Jack Bizlall, syndicaliste et ancien député, exprime une position ferme sur le financement des partis politiques, affirmant que cette responsabilité devrait entièrement incomber à l’État. Selon lui, cela garantira une transparence accrue et une équité dans le processus politique mauricien. Il insiste sur l’idée que l’État devrait être le seul organisme autorisé à financer les activités des partis politiques, mais il souligne également l’importance de conditions strictes pour encadrer ce soutien financier.  

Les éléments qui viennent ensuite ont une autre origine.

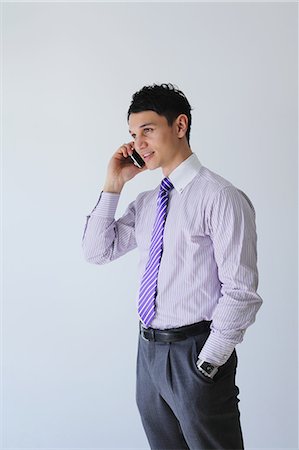 picture of person talking on string telephone - Businessman talking on the phone Stock Photo - Rights-Managed, Code: 859-06537813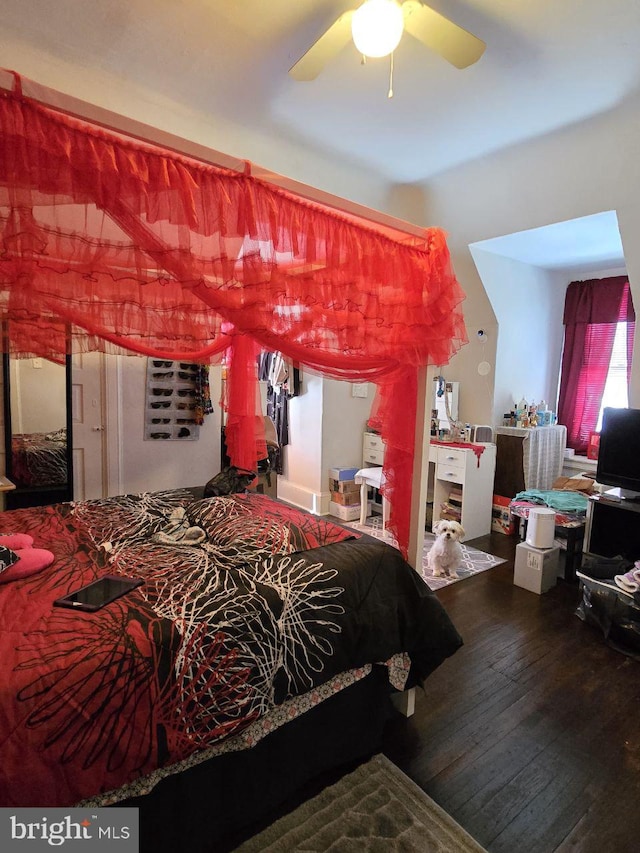 bedroom featuring hardwood / wood-style floors and ceiling fan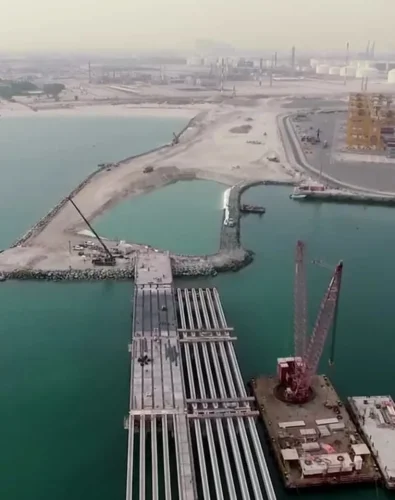 Offshore Company Registration in UAE -Aerial view of a coastal industrial port with pipelines extending over turquoise water toward a dock under construction, cranes and storage tanks visible in the hazy background.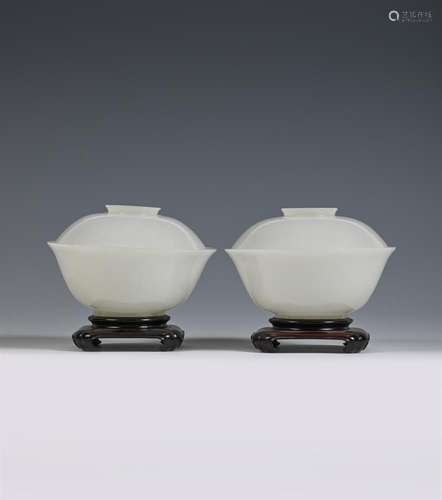 A pair of Chinese pale celadon or white jade bowls and cover...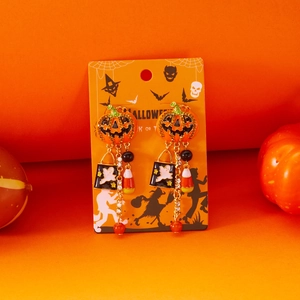Detail van Halloween pompoen oorbellen met parels en strass kwastjes op een oranje kaartje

Pour Jack Bizlall, la condition sine qua non pour qu’un parti politique puisse bénéficier du financement public est de rendre son programme politique entièrement public avant toute élection. « Cette mesure vise à assurer que les électeurs aient une compréhension claire des intentions et des politiques proposées par chaque parti politique. Trop souvent, les partis politiques se présentent aux élections sans avoir suffisamment clarifié leurs positions et leurs plans d’action, ce qui nuit à la transparence et à la crédibilité du processus électoral », affirme-t-il.

Le syndicaliste souligne aussi le rôle crucial des médias dans le processus électoral et estime que la loi sur le financement des partis politiques aurait dû inclure des dispositions interdisant toute forme de discrimination envers les partis politiques. Selon lui, l’État devrait garantir un accès équitable des partis politiques aux médias en finançant cette opportunité.

Pour Jack Bizlall, il est essentiel de reconnaître que tous les partis politiques n’ont pas la même visibilité médiatique ni les mêmes ressources pour, par exemple, diffuser leurs communiqués dans les journaux. Cette mesure permettra ainsi de créer des conditions équitables où chaque parti politique pourrait compétitionner sur un pied d’égalité.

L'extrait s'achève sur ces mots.